Appeals court upholds $13.9 million verdict in Trumbull medical malpractice case


Staff report

WARREN

The 11th District Court Appeals has upheld the decisions of a trial court in a case that resulted in a $13.9 million jury verdict for a Leavittsburg family against a pediatrician whose handling of the baby’s birth was blamed for the child developing severe disabilities.

Dr. Tara Shipman, the pediatrician involved, and her medical practice filed the appeal.

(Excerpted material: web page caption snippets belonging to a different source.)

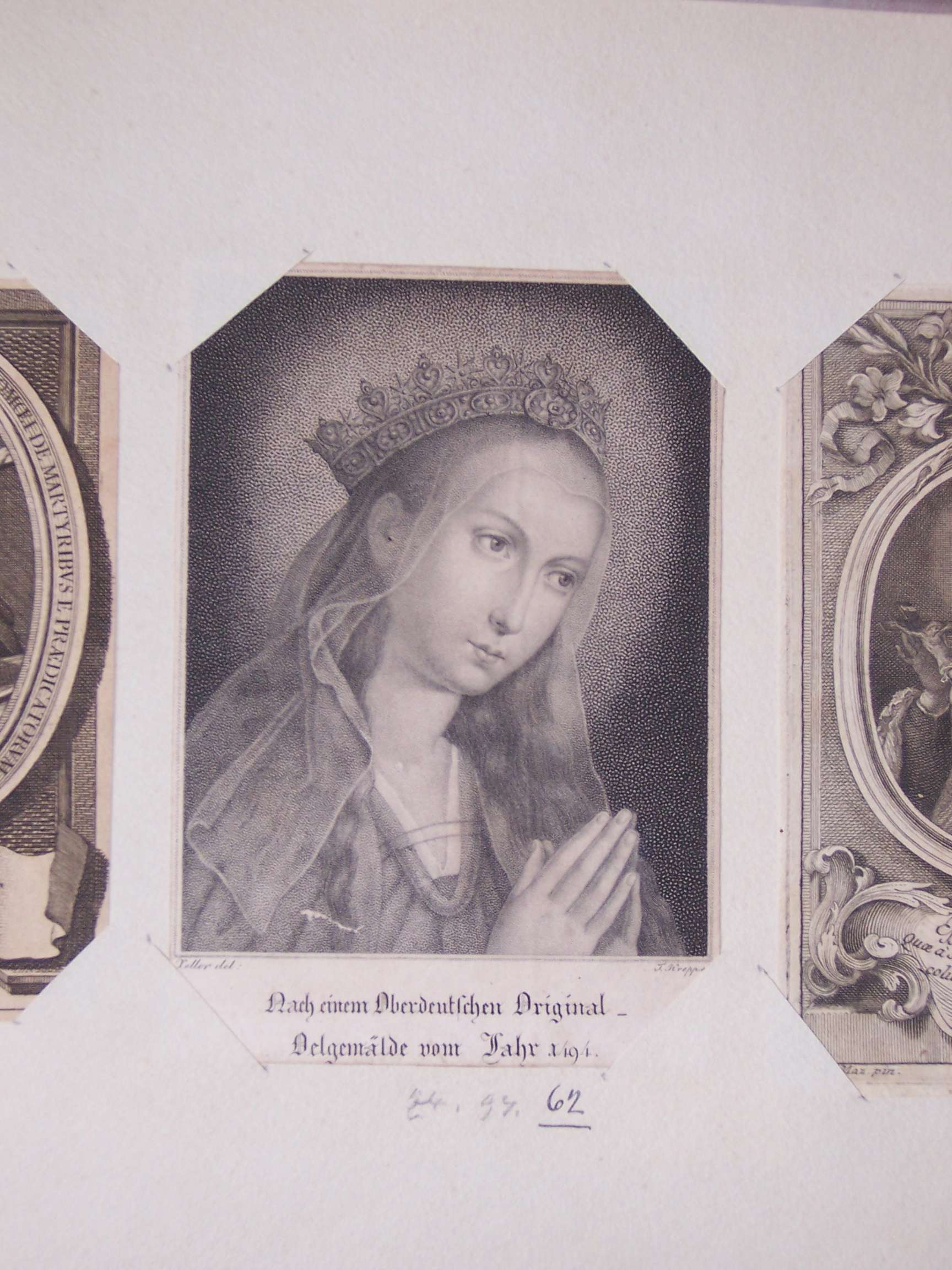 la Vergine (stampa) di Xeller, Krepp F (secc. XVIII/ XIX)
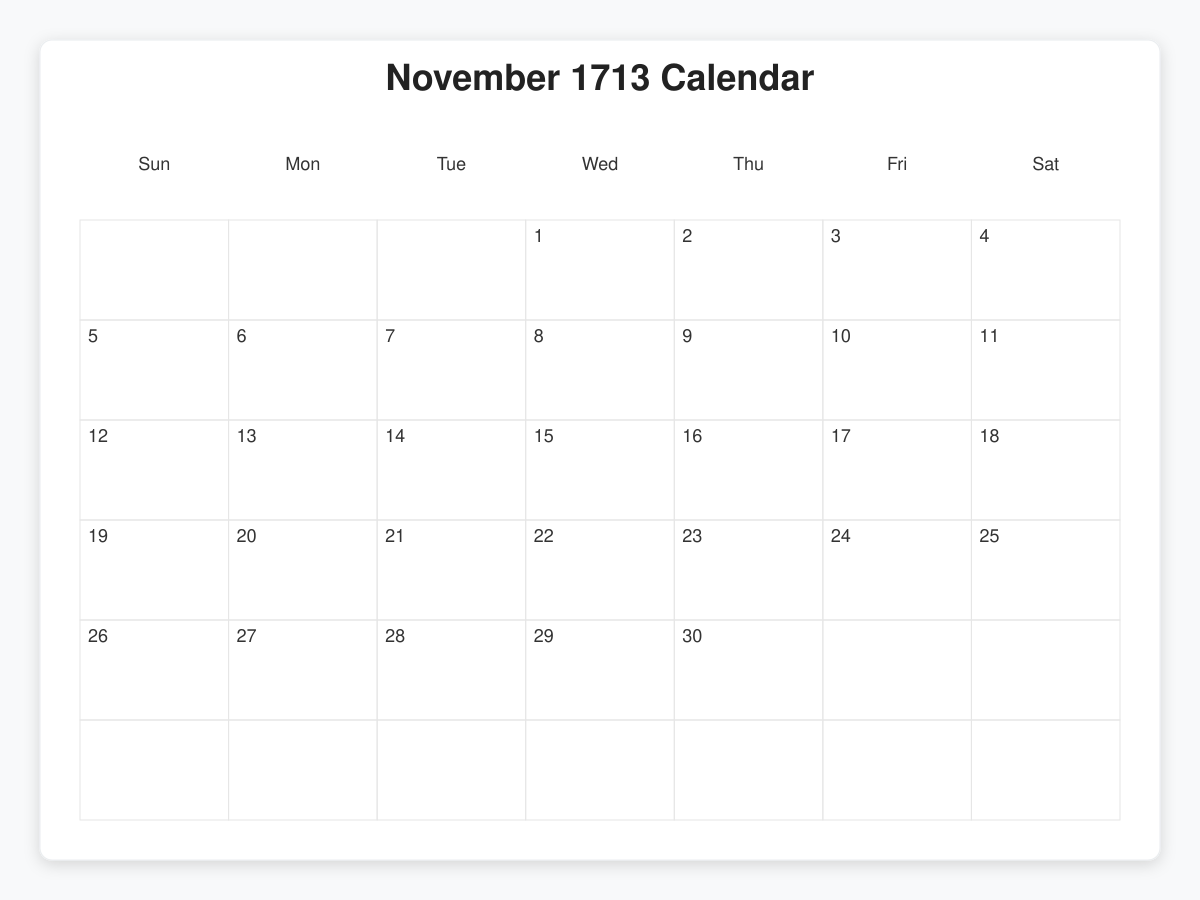 Printable November 1713 Calendars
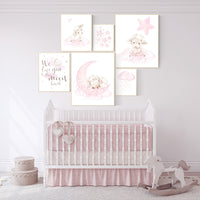 Baby room decor girl, Nursery wall art girl pink, Sheep nursery decor, sheep nursery art, lamb nursery decor, lamb print for nursery, lambs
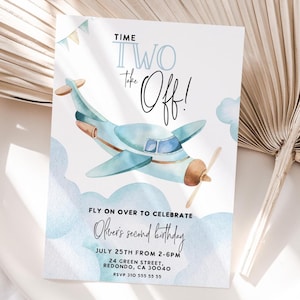 May include: A light blue airplane illustration on a white invitation card. The text reads "Time Two Take Off!" and "Fly on over to celebrate Oliver's second birthday". The invitation includes the date, time, address, and RSVP information.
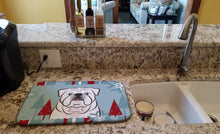 Load image into Gallery viewer, Winter Holiday White English Bulldog  Dish Drying Mat – Absorbent, Artistic Kitchen Essentials BB1716DDM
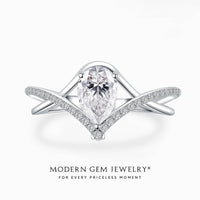 Claire • Pear Shaped Engagement Ring with Twisted Band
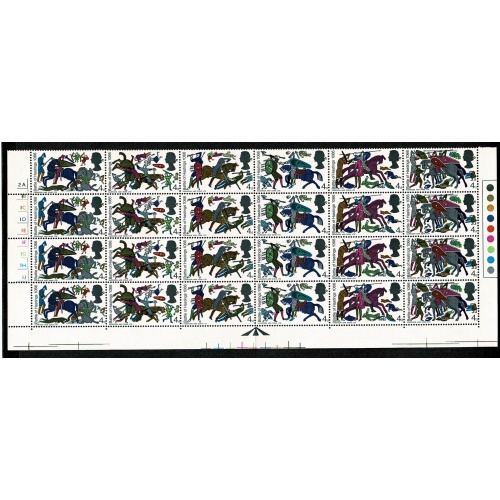 1966 Battle of Hastings 4d (ord). Cylinder 2A 1B 1C 1D 1E 1F 1G 1H 1J no dot block of 24. SG 705-710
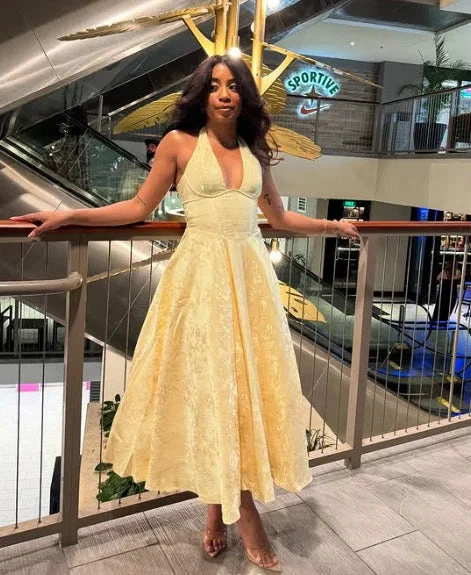 Sexy Halter Deep V Evening Dress Yellow Satin Print Prom Dress Y8249 by simplepromdress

The child’s lawyers said Dr. Shipman’s failure to perform a cesarean-section birth was to blame for the child’s disabilities.

The appeal said Judge W. Wyatt McKay of Trumbull County Common Pleas Court erred by refusing to allow Dr. Shipman to read into evidence the deposition of a pediatric neurologist who said the child’s brain damage began about 10 minutes after she was born as a result of oxygen deprivation caused by the failure of an anesthesiologist to properly resuscitate the baby.

The appellate court, however, ruled that Judge McKay did not err because the neurologist “does not seem to have” been deemed an expert for the purposes of giving an opinion on the cause of the child’s disability.

Dr. Shipman’s appeal also contained 10 other reasons for the verdict to be overturned, but the appeals court also rejected them all.

The verdict, which was in favor of the family of Oakley Cobb Jr. and his wife, Debra Cobb, and their daughter, Haley, later was reduced from $13.9 million to $9.7 million as a result of $6.5 million in settlements reached by the Cobbs with other former co-defendants in the case.